How to Stay Positive during COVID-19 Lockdown

Published on: May 14, 2020Citizen Entrepreneurship Competition
Entrepreneurship Campus

By Entrepreneurship Campus

How to Stay Positive during COVID-19 Lockdown

We all know that achieving something takes a lot of effort, time, and motivation while at the same time a good thing can be ruined at the click of a finger. Surprisingly, a lockdown situation can provide the best conditions and circumstances to do both. Staying closed inside is not difficult but dealing with all the implications that it brings in can be nerve-racking.

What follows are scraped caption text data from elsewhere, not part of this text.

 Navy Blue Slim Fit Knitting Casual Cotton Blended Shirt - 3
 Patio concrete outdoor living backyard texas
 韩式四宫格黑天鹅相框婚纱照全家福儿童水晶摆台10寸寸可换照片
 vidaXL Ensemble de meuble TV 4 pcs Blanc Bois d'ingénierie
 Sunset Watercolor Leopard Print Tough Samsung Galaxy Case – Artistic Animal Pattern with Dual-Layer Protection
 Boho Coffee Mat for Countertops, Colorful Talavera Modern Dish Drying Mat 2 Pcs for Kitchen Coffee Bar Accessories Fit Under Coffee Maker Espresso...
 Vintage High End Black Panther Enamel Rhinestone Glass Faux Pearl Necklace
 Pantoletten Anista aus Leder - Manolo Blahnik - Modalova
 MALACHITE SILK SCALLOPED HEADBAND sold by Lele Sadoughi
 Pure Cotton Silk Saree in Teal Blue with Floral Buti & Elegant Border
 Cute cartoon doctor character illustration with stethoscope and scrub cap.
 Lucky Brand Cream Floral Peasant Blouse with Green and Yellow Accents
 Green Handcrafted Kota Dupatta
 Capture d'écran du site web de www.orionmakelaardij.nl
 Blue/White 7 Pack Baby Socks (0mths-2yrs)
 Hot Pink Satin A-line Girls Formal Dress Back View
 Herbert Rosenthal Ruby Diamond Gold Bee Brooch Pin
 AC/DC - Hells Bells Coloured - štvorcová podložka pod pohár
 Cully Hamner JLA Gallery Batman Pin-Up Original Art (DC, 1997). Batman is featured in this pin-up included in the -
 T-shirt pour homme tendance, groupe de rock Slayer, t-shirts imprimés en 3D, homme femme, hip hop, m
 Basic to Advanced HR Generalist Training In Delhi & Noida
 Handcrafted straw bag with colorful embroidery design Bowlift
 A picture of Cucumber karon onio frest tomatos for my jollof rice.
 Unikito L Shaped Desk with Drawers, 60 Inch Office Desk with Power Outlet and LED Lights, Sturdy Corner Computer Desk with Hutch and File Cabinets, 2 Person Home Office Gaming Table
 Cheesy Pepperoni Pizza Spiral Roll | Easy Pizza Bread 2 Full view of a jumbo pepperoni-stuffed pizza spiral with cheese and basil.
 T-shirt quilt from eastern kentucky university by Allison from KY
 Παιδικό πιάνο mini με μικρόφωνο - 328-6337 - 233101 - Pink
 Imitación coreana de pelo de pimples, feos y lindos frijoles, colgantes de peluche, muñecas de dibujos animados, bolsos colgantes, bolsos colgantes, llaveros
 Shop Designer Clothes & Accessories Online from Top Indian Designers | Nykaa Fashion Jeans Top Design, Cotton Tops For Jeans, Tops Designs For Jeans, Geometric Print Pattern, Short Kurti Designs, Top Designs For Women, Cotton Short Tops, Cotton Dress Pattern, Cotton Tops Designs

The combination of home-schooling, remote working, financial concerns, health insurances, negative news exposure, and touch and hug deprivation can be hard to deal with.

How to stay strong and sane during and after the pandemic?

Not all people know how they would react in a time of crisis unless they find themselves in the middle of one. Some are incredibly calm and rational, others go in panic mood. One lesson learned from the pandemic is that maybe crisis management should be part of school curricula.
In the meantime, we can learn from what ‘happiness’ specialists have to share. Cognitive scientist and Professor of Psychology at Yale University Laurie Santos has an online training on the science of well-being. In an interview for the World Economic Forum’s own podcast, Professor Santos explains how her insights can help combat feelings of isolation and low mood, and what governments and businesses can learn too.

Ways to stay sane

Help others

“Happy people tend to be really ‘other’ oriented,” Professor Santos explains, meaning they focus on other people's happiness rather than their own.

Stay connected with family and friends
Staying connected in times when social distancing is the rule is crucial. Schedule video calls and do fun stuff such as playing games or even decide on a dress code. Most of all, try to be a good listener. It's an invaluable skill.

Even though nobody knows when the pandemic will end, why not focus on that beach body goals. Go for a walk if you’re allowed to go out or stick to an indoor training program. Physical training gives a boost to mental health and your self-esteem.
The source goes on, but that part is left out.